This show may not spice up your life but it is certainly a bold attempt by Sadler’s Wells to spice up dance and judging by the rapturous reception from an enthusiastic audience it just might be successful.

how did we get here? Jules Cunningham, Melanie C, Harry Alexander
© Camilla Greenwell

Take two undoubted talents in the world of contemporary dance, Julie Cunningham and Harry Alexander (both of whom have National Dance Award success in their locker) and add a member of the most popular female pop group of all time and the tickets should sell themselves. After all, Melanie Chisholm (ubiquitously known as Mel - now Melanie - C) has sold more than 123 million records (23 million of which have been on her own account).

Nicknamed Sporty Spice during her pop heyday, Melanie C was, perhaps counter-intuitively, always the serious one. Her chiseled, muscular definition attests to the reasoning behind the 'sporty' moniker but I have always felt she ought to have been re-nicknamed Arty Spice due to her eclectic post-Spice Girls career. She was also the one with the most expressive voice and her solo, If That Were Me was one of my favourite songs for years (and, being about homelessness, attested to her obvious social conscience and humanity).  

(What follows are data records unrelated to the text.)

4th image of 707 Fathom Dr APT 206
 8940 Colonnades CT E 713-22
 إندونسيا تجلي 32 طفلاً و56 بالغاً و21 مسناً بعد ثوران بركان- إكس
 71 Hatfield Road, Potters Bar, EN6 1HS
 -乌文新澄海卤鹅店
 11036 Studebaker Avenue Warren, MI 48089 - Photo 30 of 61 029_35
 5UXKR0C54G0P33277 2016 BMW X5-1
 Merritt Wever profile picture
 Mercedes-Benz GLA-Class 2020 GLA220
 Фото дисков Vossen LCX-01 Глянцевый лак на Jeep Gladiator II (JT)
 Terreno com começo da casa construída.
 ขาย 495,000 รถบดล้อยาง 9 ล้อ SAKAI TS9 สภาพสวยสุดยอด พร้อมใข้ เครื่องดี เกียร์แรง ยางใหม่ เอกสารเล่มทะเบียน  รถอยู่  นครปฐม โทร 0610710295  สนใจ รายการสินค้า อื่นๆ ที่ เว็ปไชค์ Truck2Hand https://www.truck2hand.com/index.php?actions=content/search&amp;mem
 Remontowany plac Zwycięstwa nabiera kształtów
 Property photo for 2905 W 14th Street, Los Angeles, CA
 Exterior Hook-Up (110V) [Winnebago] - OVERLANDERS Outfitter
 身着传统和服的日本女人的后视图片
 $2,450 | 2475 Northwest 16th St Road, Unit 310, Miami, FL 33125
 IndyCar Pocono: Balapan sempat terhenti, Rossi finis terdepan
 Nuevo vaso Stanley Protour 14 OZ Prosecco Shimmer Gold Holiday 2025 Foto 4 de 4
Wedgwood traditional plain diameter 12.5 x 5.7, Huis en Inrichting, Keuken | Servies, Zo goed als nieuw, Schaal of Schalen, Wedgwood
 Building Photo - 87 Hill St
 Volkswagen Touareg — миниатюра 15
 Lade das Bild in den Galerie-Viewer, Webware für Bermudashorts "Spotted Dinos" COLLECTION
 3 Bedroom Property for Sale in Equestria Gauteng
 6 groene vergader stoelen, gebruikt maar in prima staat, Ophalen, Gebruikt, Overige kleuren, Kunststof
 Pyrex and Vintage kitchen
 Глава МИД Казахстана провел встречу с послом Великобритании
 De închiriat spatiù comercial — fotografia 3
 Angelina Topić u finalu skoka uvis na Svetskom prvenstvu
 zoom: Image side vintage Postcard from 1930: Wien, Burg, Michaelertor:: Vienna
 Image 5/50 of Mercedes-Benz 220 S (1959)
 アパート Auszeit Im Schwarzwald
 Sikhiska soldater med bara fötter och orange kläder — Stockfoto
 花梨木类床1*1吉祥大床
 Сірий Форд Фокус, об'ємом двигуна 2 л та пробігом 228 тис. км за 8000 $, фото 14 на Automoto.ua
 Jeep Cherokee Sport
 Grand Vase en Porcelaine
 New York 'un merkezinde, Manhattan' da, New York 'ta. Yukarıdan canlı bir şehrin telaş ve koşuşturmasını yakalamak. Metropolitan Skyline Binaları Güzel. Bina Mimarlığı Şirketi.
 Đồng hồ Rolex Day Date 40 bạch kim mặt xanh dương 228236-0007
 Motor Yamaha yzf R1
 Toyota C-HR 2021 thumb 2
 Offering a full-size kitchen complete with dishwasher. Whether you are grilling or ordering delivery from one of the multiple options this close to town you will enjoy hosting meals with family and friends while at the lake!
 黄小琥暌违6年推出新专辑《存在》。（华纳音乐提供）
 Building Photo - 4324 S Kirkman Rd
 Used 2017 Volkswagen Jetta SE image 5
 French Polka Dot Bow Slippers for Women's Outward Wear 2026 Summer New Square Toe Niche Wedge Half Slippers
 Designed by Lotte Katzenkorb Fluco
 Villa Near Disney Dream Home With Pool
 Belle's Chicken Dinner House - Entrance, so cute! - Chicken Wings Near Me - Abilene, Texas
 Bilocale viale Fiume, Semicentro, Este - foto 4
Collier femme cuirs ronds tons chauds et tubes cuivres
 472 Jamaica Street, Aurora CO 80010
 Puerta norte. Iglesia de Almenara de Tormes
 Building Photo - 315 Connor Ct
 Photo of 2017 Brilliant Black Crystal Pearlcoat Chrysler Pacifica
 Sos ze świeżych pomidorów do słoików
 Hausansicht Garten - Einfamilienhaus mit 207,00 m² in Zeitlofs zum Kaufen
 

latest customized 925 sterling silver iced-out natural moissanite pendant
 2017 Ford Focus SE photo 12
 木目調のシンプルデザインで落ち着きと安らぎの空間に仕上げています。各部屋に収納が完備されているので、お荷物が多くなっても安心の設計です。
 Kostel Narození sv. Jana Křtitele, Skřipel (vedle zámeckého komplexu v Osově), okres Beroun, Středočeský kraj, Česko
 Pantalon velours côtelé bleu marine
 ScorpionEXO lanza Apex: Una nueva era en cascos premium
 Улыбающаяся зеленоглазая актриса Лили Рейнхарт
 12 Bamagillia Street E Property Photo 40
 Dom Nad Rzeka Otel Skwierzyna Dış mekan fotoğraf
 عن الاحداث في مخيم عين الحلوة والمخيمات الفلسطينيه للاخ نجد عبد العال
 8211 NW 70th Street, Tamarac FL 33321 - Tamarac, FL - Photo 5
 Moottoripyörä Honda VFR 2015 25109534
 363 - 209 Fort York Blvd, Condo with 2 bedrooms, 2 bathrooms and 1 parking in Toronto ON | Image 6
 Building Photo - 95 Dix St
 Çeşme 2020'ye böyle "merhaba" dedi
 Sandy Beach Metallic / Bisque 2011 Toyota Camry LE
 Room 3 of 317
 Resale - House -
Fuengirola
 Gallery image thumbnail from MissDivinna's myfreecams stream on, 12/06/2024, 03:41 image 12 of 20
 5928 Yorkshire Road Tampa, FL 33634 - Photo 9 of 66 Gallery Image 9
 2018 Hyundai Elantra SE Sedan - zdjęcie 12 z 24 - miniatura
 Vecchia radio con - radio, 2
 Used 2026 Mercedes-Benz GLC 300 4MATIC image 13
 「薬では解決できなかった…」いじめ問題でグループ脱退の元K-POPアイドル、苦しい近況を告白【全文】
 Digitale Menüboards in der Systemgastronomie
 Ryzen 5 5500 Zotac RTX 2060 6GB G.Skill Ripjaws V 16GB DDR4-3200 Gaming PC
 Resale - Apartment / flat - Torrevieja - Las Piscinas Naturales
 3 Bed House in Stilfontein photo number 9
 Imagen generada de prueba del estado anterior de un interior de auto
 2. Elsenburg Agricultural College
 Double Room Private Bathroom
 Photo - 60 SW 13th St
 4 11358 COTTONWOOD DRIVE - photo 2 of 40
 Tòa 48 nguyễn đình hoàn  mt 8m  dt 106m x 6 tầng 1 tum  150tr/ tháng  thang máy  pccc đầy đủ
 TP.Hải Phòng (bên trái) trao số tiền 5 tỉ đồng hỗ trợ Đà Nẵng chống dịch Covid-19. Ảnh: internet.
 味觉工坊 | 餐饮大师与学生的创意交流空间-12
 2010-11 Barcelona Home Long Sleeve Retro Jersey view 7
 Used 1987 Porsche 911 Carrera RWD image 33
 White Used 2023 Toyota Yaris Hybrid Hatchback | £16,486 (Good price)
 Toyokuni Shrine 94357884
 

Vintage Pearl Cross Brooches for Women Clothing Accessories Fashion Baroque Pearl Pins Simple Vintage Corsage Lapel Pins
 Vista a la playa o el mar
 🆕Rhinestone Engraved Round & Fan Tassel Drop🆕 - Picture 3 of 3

Melanie C's performing career started at Bird College, training in dance and musical theatre, but excepting a few 'zig-a-zig-ahs' as a pop star she hasn’t really danced for 30 years. Despite a reconstructed knee, which she readily admits doesn’t always behave, at 49, Melanie C looks in peak condition, and actually not much different from the Sporty Spice of 25 years ago.  She was certainly not a passenger in this hour-long performance, melding seamlessly with Cunningham and Alexander. Chisholm possesses a naturalness of physical articulation and expressiveness that belied the fact that she was performing in a medium that was hitherto alien to her. In the post-show talk she confessed to having the worst stage fright of her career prior to the performance and an occasional degree of nervousness was magnified by the audience’s close proximity.

how did we get here? Melanie C, Harry Alexander, Jules Cunningham
© Camilla Greenwell

The staging was perfect in the square, as opposed to in the round, with an audience on all four sides (three of the banks of seating being on the Sadler’s Wells stage). This gave a unique performance perspective as every audience member was looking through the performance at the audience, adding to the work’s intimacy. The rectangular performance space was such a pool of black reflective floor that it seemed as if we could dive into it and periodically, the excellent lighting designs of Zeynep Kepekli offered an indication of the universe around the auditorium contrasting with the exposed intimacy of the performance.  

Wibke Tiarks’ electronic score was punctuated by an eclectic soundtrack of recorded songs, including the popular Dido’s Lament from Purcell’s Dido & Aeneas (apparently new catnip for choreographers), which covered a languorous solo by Cunningham. 

The trio shared a chemistry of mutual affection that was palpable, exchanging meaningful looks and smiles throughout the work. The intimate feel was further enhanced by Melanie C and Alexander enjoying a last-dance-at-the-wedding style smooch. There were some sublime moments not least in the complexity of simple co-ordinated movements that opened the work against the aural backdrop of Nina Simone’s haunting Stars (recorded live at Montreux, in 1976). These powerful lyrics apparently gave a clue to the intentions behind this otherwise abstract work although this did not resonate with me at the time. Alexander was given free reign to stretch his long limbs to their maximum in a brief solo that was enhanced by Kepekli’s mottled lighting effects and there was an intimate duet between Cunningham and Melanie C in which they created a multiplicity of structural poses and shapes.

how did we get here? Melanie C, Harry Alexander, Jules Cunningham
© Camilla Greenwell

However, these nuggets were interspersed with duller sequences that could not be lifted by the spectacular and inclusive staging. There was plenty of co-ordinated walking and strutting, a lot of lying around (Melanie C spent three periods of apparent dozing, during one of which she 'awoke' to briefly sing a wordless a capella duet with Cunningham, apparently inspired by Meredith Monk’s Spider Web Anthem) and a strange section where Cunningham (and then Alexander) unaccountably messed around with an unplugged electric guitar. These several sections dampened my enthusiasm for what was, in essence, a beautiful and intimate performance. It seemed like a work in progress that could be improved by a judicious edit.